Recorded data —
■ ■ ■ ■ ■

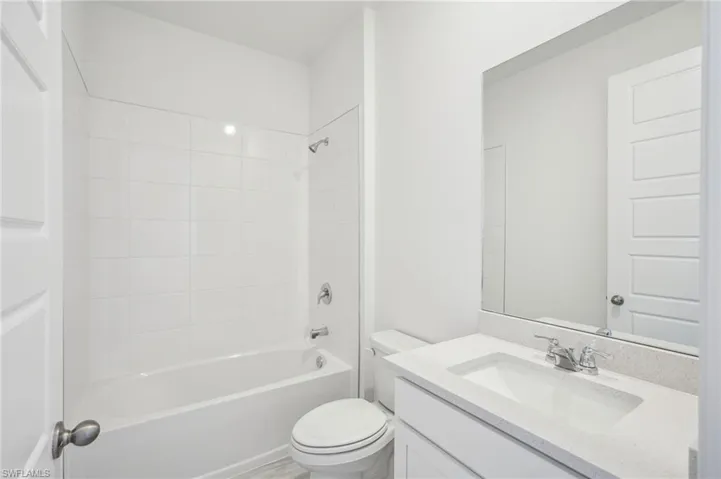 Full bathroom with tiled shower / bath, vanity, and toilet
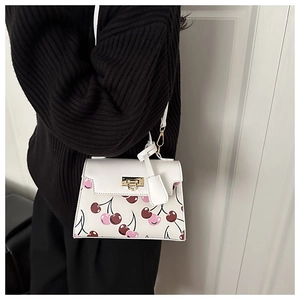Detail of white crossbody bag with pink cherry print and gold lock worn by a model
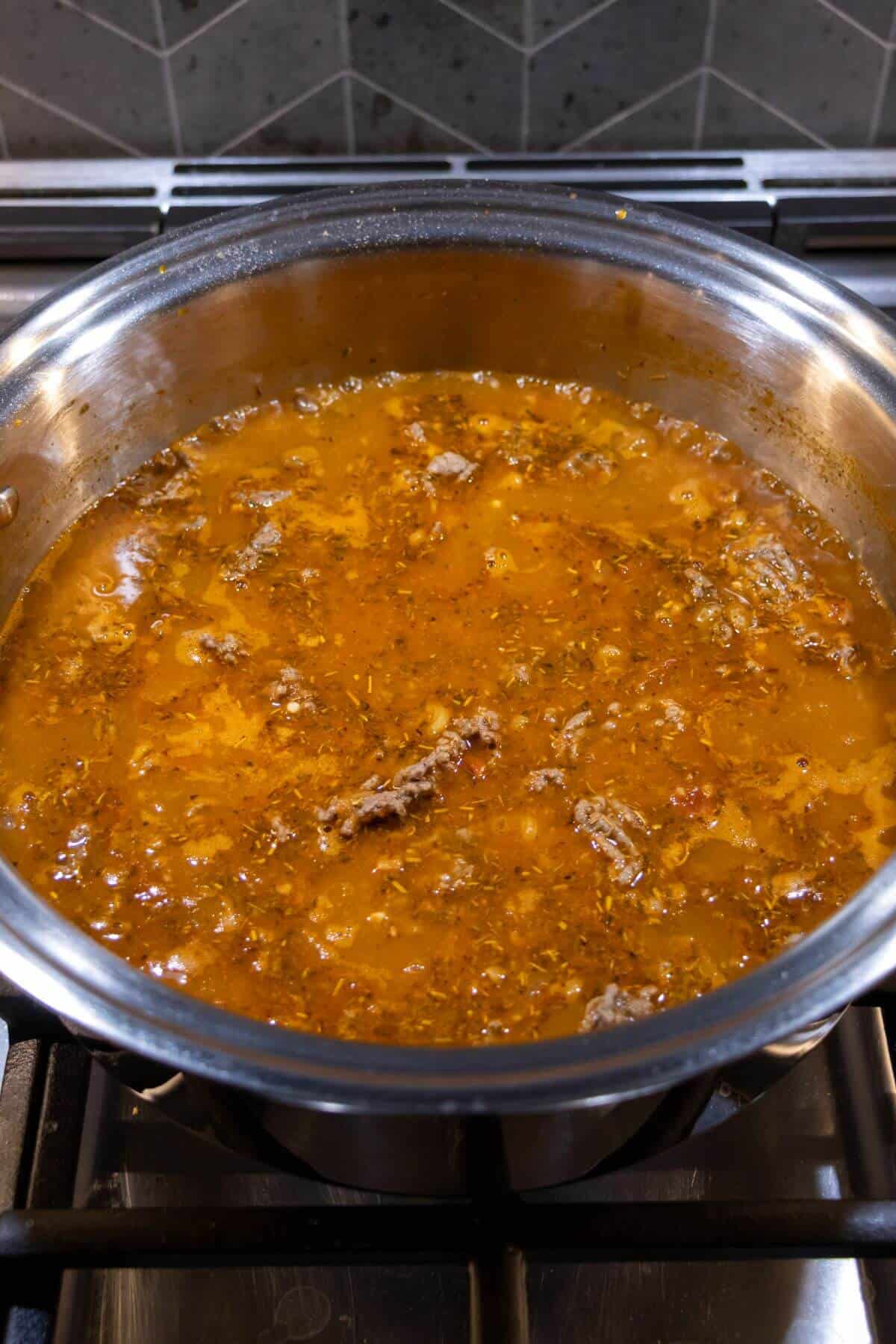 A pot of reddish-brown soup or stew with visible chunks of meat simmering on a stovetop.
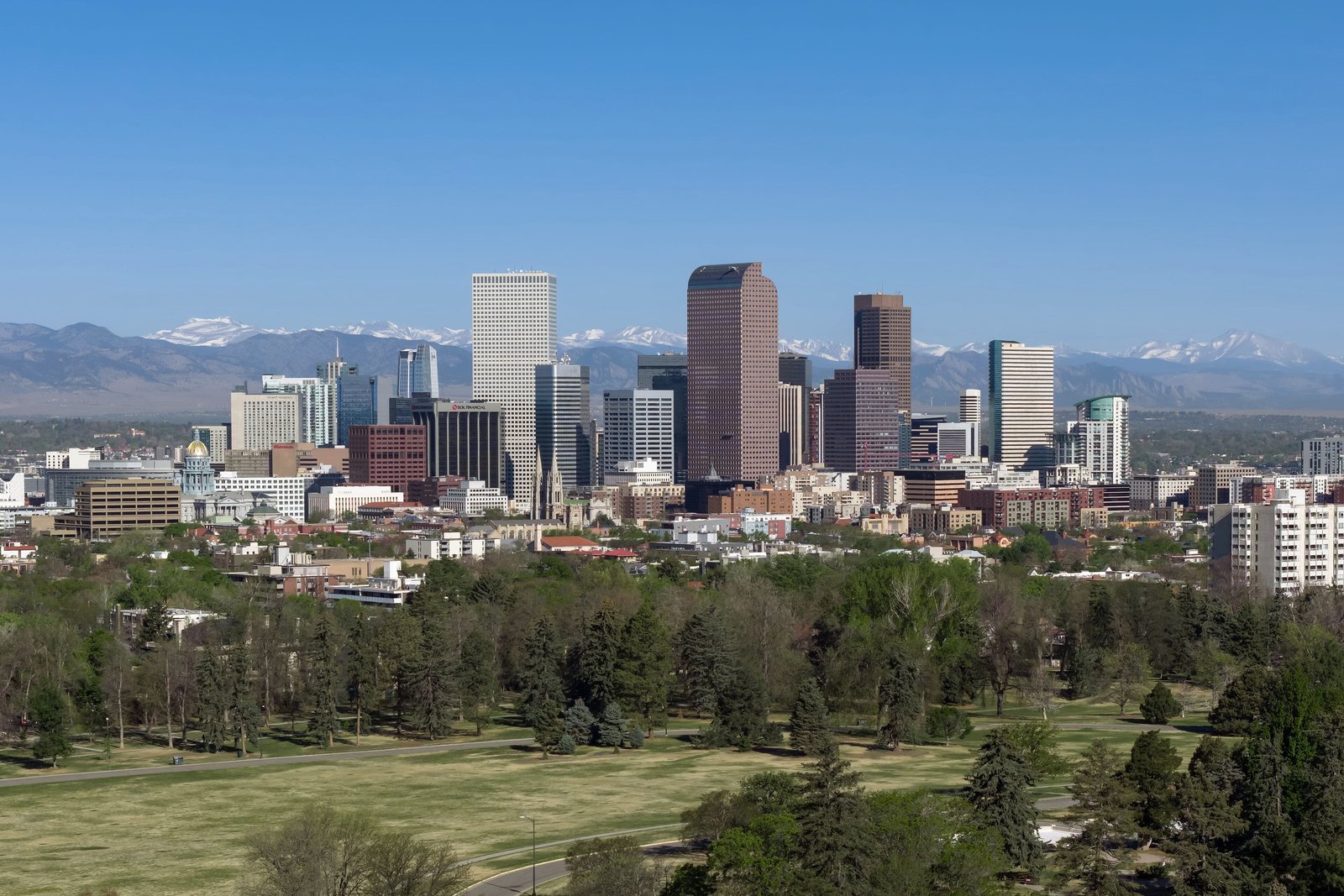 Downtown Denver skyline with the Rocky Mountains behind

■ ■ ■ ■ ■

Work request —
Leave every picture out and print exactly the lines from the one that contains "Detail of white" through the last line of the material above.

Problem solution —
Detail of white crossbody bag with pink cherry print and gold lock worn by a model
 A pot of reddish-brown soup or stew with visible chunks of meat simmering on a stovetop.
 Downtown Denver skyline with the Rocky Mountains behind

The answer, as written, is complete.